RECORDED DATA ->
--

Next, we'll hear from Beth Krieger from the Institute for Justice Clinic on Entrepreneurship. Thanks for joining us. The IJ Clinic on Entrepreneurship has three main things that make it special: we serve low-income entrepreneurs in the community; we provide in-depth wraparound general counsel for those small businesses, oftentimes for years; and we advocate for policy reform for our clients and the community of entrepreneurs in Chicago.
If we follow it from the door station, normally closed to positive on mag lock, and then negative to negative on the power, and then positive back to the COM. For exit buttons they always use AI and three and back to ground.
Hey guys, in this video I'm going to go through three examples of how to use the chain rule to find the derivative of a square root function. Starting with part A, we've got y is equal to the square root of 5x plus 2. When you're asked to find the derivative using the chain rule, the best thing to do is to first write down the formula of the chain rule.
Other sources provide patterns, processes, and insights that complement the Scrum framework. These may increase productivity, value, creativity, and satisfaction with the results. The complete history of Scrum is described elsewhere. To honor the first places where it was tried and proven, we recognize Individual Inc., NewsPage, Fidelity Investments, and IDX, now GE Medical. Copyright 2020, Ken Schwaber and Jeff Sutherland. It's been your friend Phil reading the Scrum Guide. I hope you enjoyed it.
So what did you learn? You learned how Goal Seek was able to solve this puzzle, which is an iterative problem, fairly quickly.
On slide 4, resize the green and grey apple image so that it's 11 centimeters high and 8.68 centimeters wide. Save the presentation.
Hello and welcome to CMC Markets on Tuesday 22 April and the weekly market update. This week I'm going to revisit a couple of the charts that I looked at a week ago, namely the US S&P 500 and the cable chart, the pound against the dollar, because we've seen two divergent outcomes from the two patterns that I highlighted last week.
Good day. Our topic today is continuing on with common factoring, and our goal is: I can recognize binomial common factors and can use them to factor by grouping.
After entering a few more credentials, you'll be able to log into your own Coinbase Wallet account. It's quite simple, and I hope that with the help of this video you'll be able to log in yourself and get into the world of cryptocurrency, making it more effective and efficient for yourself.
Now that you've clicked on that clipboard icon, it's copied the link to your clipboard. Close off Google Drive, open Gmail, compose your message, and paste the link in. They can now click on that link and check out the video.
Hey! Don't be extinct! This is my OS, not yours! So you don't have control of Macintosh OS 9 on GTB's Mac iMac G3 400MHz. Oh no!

--

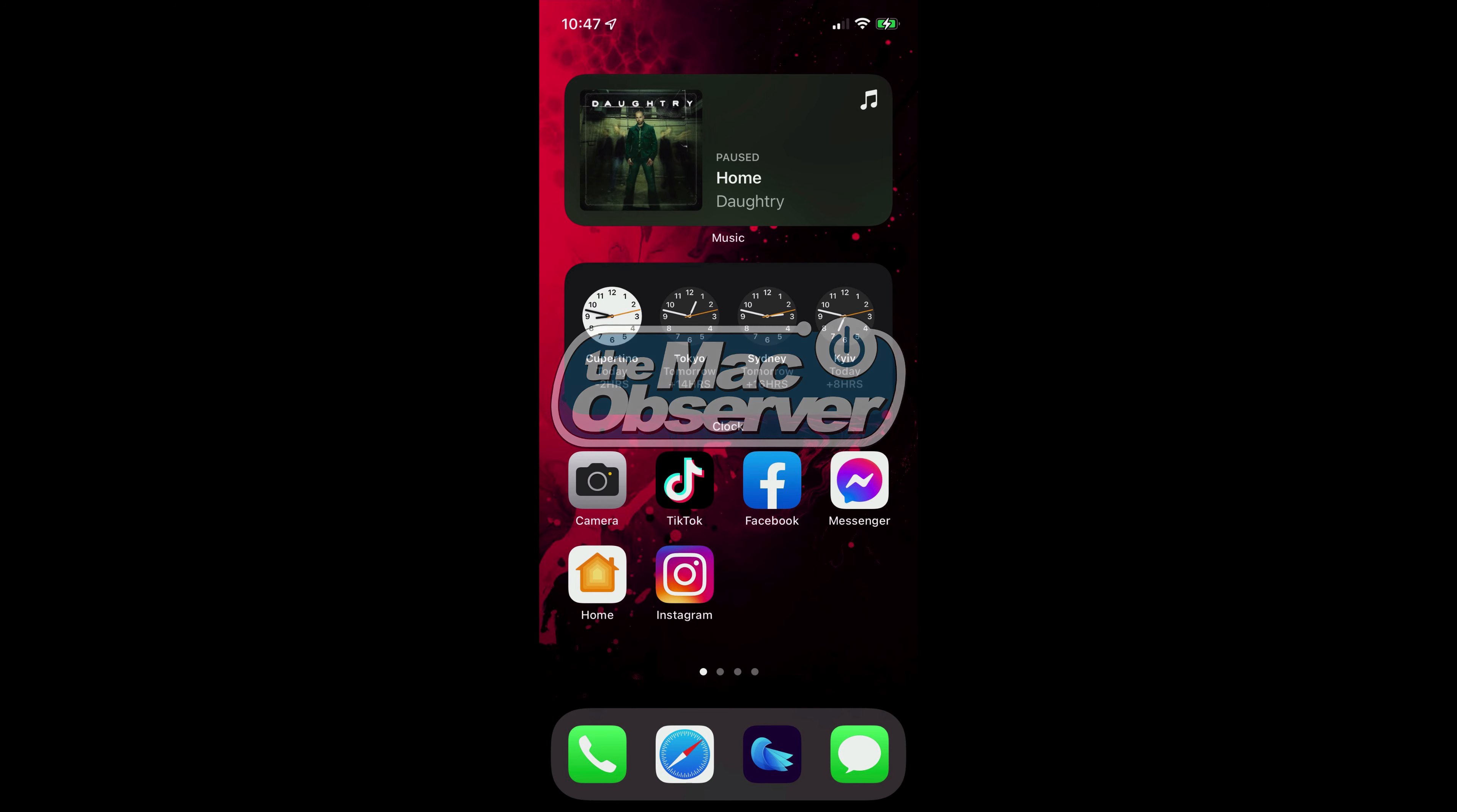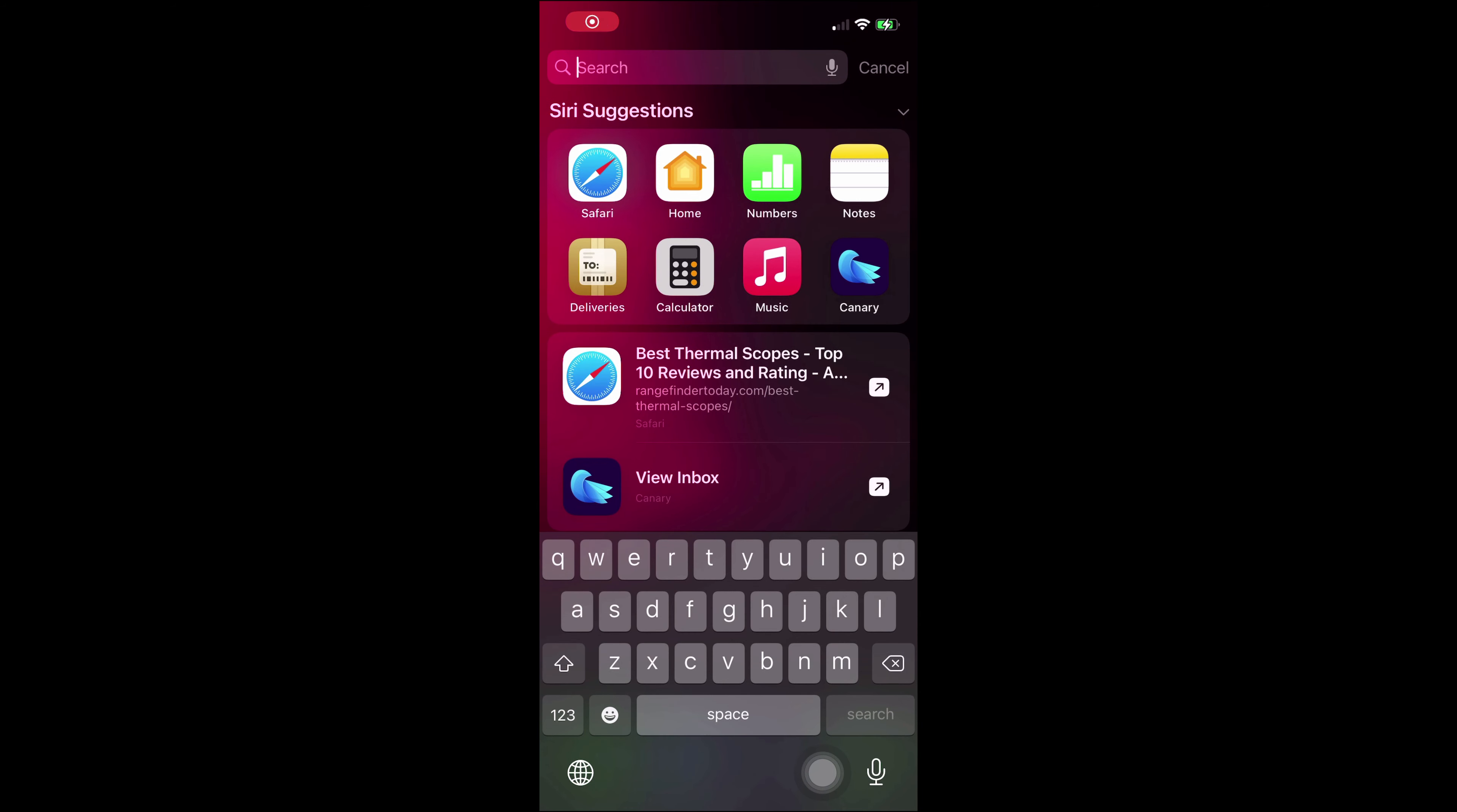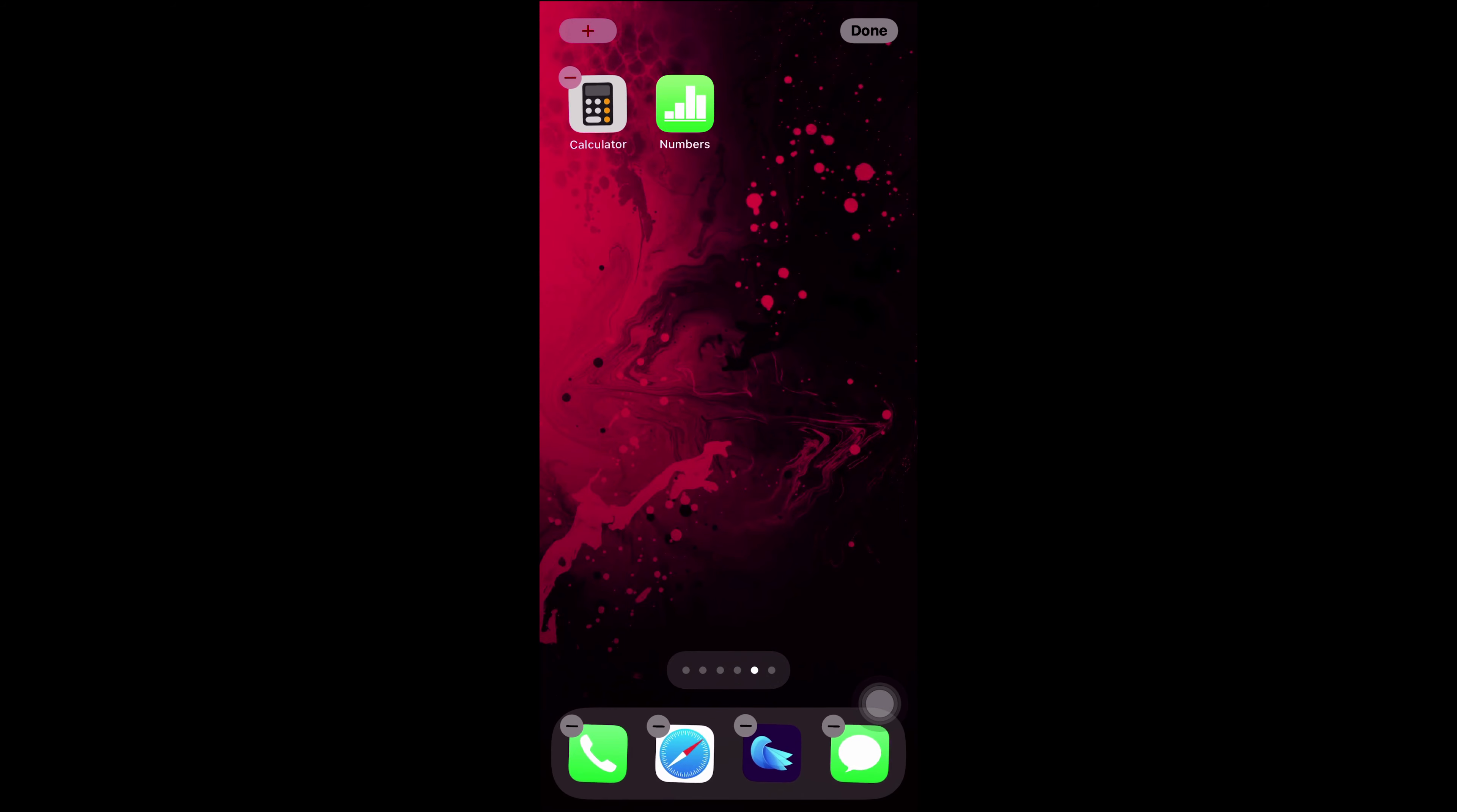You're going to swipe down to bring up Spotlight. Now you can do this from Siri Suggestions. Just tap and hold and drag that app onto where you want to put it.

--

YOUR OBJECTIVE -> Above are the records; repeat exactly the lines from the one holding "Good day. Our" down to the one holding "Now that you've", end lines included.

ANSWER BELOW ->
Good day. Our topic today is continuing on with common factoring, and our goal is: I can recognize binomial common factors and can use them to factor by grouping.
After entering a few more credentials, you'll be able to log into your own Coinbase Wallet account. It's quite simple, and I hope that with the help of this video you'll be able to log in yourself and get into the world of cryptocurrency, making it more effective and efficient for yourself.
Now that you've clicked on that clipboard icon, it's copied the link to your clipboard. Close off Google Drive, open Gmail, compose your message, and paste the link in. They can now click on that link and check out the video.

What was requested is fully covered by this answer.